A new president might even be able to raise a small section of the masses out of the hellish depths of poverty and misery they are currently in, thus fueling illusions about what they can gain from a new government. But most of the poor people will likely be plunged into deeper poverty. And, even if some of the middle classes see their situation improve, Aristide's cooperation with the US to tighten the noose on the basic masses - with the usual package of developing the "free" market, keeping foreign investors happy, and IMF and World Bank austerity schemes - is bound to throw the people into renewed struggle against him or any future president.

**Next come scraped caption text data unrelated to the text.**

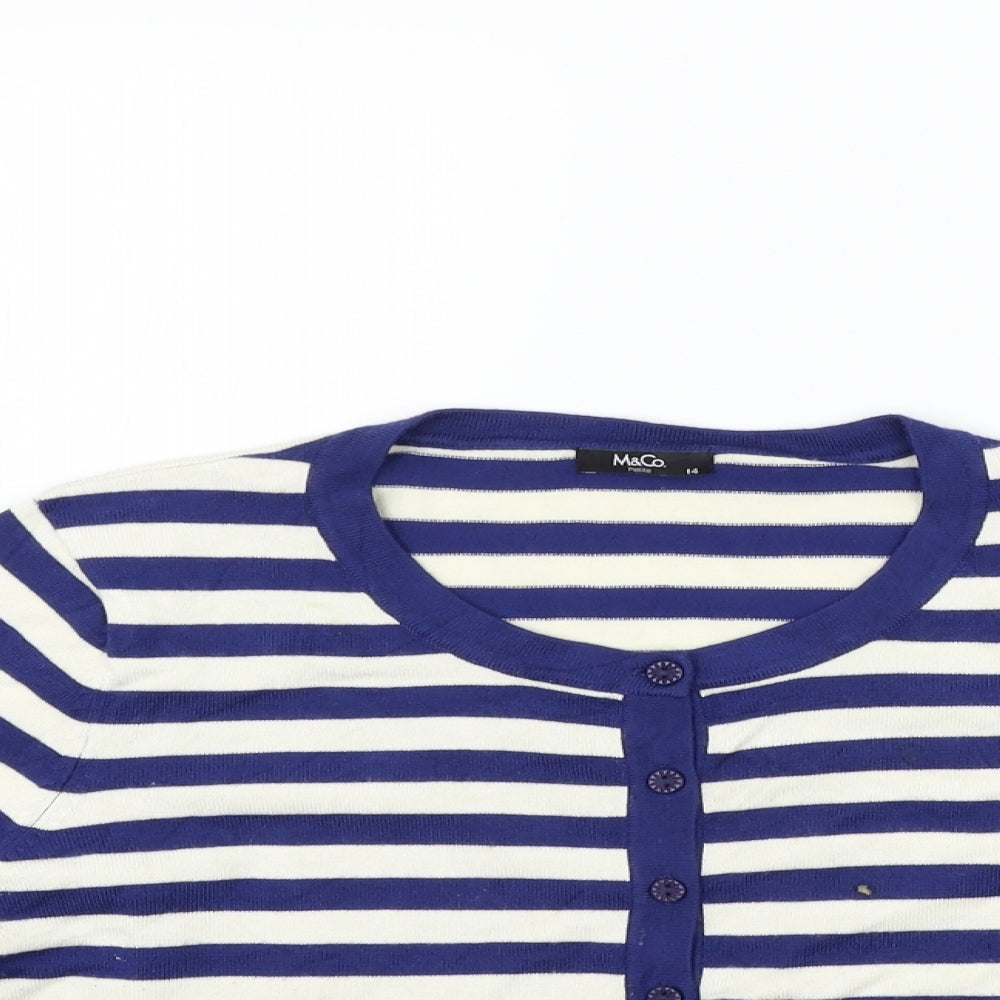 M&Co Womens Blue Striped  Pullover Jumper Size 14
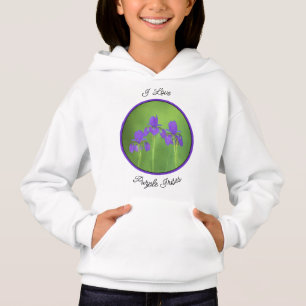Purple Iris Painting - Original Flower Art Hoodie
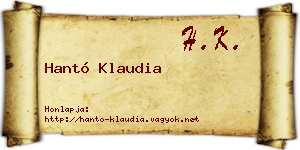 Hantó Klaudia névjegykártya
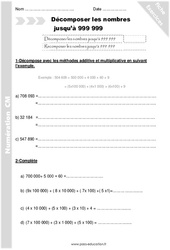 Décomposer les nombres jusqu’à 999 999 - Exercices avec correction : 7ème Harmos - PDF à imprimer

As for the US claim to restore democracy, when Clinton says, "Democratic neighbours make better trade partners", it is obvious that he means US-imposed order is better for exploiting the poor masses in neo-colonial sweatshops like Haiti. This is the basic relationship underlying the forms of very "undemocratic" political rule over the masses in Haiti, which they know as terror and weekly funerals of their people. One of the purposes of this so-called democratic mission is to foster hopes and disarm the people with another big lie: that a "new" regime under the present set-up in an oppressed nation like Haiti can reform and develop a bourgeois society that will offer the kind of political rights and partial freedoms generally allowed some sections of the people in the rich countries. Such a fantasy - that loyal US guardians in Haiti, even new so-called reformers, could somehow reverse the imperialist domination of the country - is as ridiculous as it is impossible.

But it is possible for the people to rise up and liberate themselves, and this is what they must do: make revolution - New Democratic Revolution. This requires developing a Marxist-Leninist-Maoist party that can lead an alliance between the proletariat and Haiti's majority peasant population with other progressive classes to wage a protracted people's war. Such a revolutionary war, like the one the people of Peru are waging today under the leadership of the Communist Party of Peru, aims to overthrow bureaucrat capitalism and semi-feudalism in Haiti and break free of imperialism's grip. Only this type of revolution can begin to give real political power and genuine democratic rights to the masses oppressed by the old society, such as the central demand for land to the tiller, by mobilizing the peasants to seize back their land, while paving the way for socialist revolution.

The Haitian masses have a wealth of experience of fighting against US imperialism and Haiti's reactionary classes. Many will learn through this occupation just who they are up against, that these are the very same enemies who have raped their country and its labouring people for a century and whose own "attachés" - the whole class of US-dependent comprador and feudal rulers - have drowned their many heroic struggles in blood. A significant section of the people already know this and have a deep hatred for the US. Most of all, the Haitian people can learn that it is only the proletariat guided by its science of Marxism-Leninism-Maoism that can create a peasant guerrilla army and unite the broadest ranks of the people to transform Haiti into a stronghold of liberation.

Although the Haitian people's enemies are trying to replace the lid on their struggle with another tighter fitting one, the imperialists are playing with fire - and they know the lid could blow off altogether: the fact is that the people are aroused to deal blows to their oppressor and can rapidly become an unpredictable factor exploding in the US' face. People around the world must expose and loudly denounce this latest invasion by the Yankee marauders and firmly support the struggle of the people against them. Dechoukage of the old order is fine - let it go all the way and prepare to uproot reaction and imperialism from Haiti altogether!